Abstract

In [143], I announced some lower-bound results for the consensus problem. One result states that two message delays are required to choose a value, and a relatively large number of processors are needed to achieve that bound. When writing a careful proof of this result, I realized that it required the hypothesis that values proposed by two different processors could be chosen in two message delays. This led me to realize that fewer processors were needed if there were only one processor whose proposed value could be chosen in two message delays, and values proposed by other processors took longer to be chosen. In fact, a simple modification to the Paxos algorithm of [122] accomplished this.

I then looked for applications of consensus in which there is a single special proposer whose proposed value needs to be chosen quickly. I realized there is a “killer app”–namely, distributed transaction commit. Instead of regarding transaction commit as one consensus problem that chooses the single value commit or abort, it could be presented as a set of separate consensus problems, each choosing the commit/abort desire of a single participant. Each participant then becomes the special proposer for one of the consensus problems. This led to what I call the Paxos Commit algorithm. It is a fault-tolerant (non-blocking) commit algorithm that I believed had fewer message delays in the normal (failure-free) case than any previous algorithm. I later learned that an algorithm published by Guerraoui, Larrea, and Schiper in 1996 had the same normal-case behavior.

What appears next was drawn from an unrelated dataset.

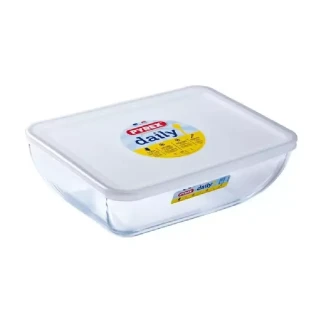 Pyrex Daily Rectangle Roaster with White Lid 3.3L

Several months later, Jim Gray and I got together to try to understand the relation between Paxos and the traditional Two-Phase Commit protocol. After a couple of hours of head scratching, we figured out that Two-Phase Commit is the trivial version of Paxos Commit that tolerates zero faults. That realization and several months of procrastination led to this paper, which describes the Two-Phase Commit and Paxos Commit algorithms and compares them. It also includes an appendix with TLA+ specifications of the transaction-commit problem and of the two algorithms.

‚Äč